Copy on write: the tendancy to not overwrite old blocks, it will always try to write in new areas. Turning it off will overwrite old blocks.
Turn off COW on file or folder (only works on 0 byte sized files):
# chattr +C file
Turn on COW on file or folder (only works on 0 byte sized files):
# chattr -C file
Turn off COW on directory recursively:
# chattr -R +C file
Turn on COW on directory recursively:
# chattr -R -C file
See if COW is off, on file or folder with lsattr command output will have a big C for a file if its COW is disabled. If its COW is enabled there wont be a C, it would just be left as a dash -.
chattr +C only works on folders, and empty files.

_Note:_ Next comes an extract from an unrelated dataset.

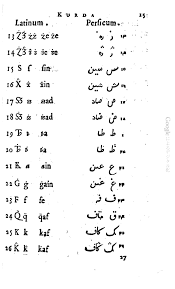 Grammatica E Vocabolario Della Lingua Kurda Small Letters Lettering Alphabet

New files in folders that have +C will get the +C property (+C meaning nocow or COW is disabled)
# lsattr filename
filename See if COW is off, on directory:
# lsattr -d dirname
See attributes of everything down recursively: # lsattr -R | grep .
NOTE: you can still take snapshots even though COW is off (but how? magic but it works – snapshots just redo a pointer, lets just say a snapshot tells the FS to do COW for that moment, so the old blocks before then do not get overwritten even though COW was off for them), also you can mount a whole subvolume with and without COW with mount option nodatacow.
READ THIS UPDATE: http://ram.kossboss.com/btrfs-nodatacow-reflink-copies-snapshots/
RULE OF THUMB: cow or nocow property on a folder doesn’t do anything to blocks on the filesystem. cow or nocow on a folder just determines if new files (or 0 byte sized files) in that folder will have cow or nocow. cow or nocow can only be applied to new files or 0 byte sized files. so you cant take cow away or give cow to a file that is already existing and if bigger than 0 bytes. (by cow I mean COW enabled, by nocow I mean COW disabled)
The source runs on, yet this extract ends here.